Crawled caption data:
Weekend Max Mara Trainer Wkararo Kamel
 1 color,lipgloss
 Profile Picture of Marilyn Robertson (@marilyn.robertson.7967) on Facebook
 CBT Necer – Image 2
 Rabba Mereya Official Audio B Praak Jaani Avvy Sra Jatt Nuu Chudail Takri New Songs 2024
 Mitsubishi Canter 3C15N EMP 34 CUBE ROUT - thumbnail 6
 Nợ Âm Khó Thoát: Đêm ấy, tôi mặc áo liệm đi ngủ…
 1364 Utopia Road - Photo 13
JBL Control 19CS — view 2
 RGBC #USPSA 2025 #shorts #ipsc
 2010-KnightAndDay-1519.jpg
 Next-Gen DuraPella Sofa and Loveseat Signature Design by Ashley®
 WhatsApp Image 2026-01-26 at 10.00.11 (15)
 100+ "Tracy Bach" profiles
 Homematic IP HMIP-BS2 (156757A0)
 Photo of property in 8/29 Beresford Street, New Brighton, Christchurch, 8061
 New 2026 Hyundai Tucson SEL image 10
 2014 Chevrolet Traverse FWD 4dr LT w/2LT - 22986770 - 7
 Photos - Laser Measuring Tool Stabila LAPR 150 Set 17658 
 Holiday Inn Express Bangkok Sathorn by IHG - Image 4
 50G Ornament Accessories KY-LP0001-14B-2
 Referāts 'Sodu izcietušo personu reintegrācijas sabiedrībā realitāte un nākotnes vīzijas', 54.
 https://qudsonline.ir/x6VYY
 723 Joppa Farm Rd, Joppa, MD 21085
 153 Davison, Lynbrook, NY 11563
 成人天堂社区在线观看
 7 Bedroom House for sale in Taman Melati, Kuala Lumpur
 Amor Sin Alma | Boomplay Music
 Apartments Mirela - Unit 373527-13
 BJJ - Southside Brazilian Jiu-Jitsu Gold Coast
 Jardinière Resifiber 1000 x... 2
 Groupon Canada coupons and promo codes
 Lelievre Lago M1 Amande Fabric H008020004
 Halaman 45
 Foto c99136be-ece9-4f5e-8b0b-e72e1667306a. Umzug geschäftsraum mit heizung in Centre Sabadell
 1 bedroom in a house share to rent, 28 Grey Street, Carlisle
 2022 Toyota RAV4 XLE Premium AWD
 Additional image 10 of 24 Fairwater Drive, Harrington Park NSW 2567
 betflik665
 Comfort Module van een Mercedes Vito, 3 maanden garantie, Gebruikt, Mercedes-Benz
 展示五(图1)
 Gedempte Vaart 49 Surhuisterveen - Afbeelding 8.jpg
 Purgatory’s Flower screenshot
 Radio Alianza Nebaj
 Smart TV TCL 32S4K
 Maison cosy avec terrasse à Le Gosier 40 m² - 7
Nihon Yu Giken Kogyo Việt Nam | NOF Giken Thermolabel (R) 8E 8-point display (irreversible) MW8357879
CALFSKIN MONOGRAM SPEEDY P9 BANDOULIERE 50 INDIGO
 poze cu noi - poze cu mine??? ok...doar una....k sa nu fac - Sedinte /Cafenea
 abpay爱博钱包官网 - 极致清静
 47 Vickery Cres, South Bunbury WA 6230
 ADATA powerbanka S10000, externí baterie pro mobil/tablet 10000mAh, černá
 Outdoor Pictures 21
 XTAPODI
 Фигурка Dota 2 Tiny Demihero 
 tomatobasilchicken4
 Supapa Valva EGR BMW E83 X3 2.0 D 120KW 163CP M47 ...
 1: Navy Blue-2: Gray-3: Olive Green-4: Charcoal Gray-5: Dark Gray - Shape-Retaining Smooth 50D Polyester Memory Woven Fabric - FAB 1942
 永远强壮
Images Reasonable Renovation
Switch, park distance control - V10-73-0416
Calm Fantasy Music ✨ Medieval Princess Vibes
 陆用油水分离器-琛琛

# What this task involves
Wherever a line above contains the string "Music", copy that line.

# Solution to this problem
 Amor Sin Alma | Boomplay Music
Calm Fantasy Music ✨ Medieval Princess Vibes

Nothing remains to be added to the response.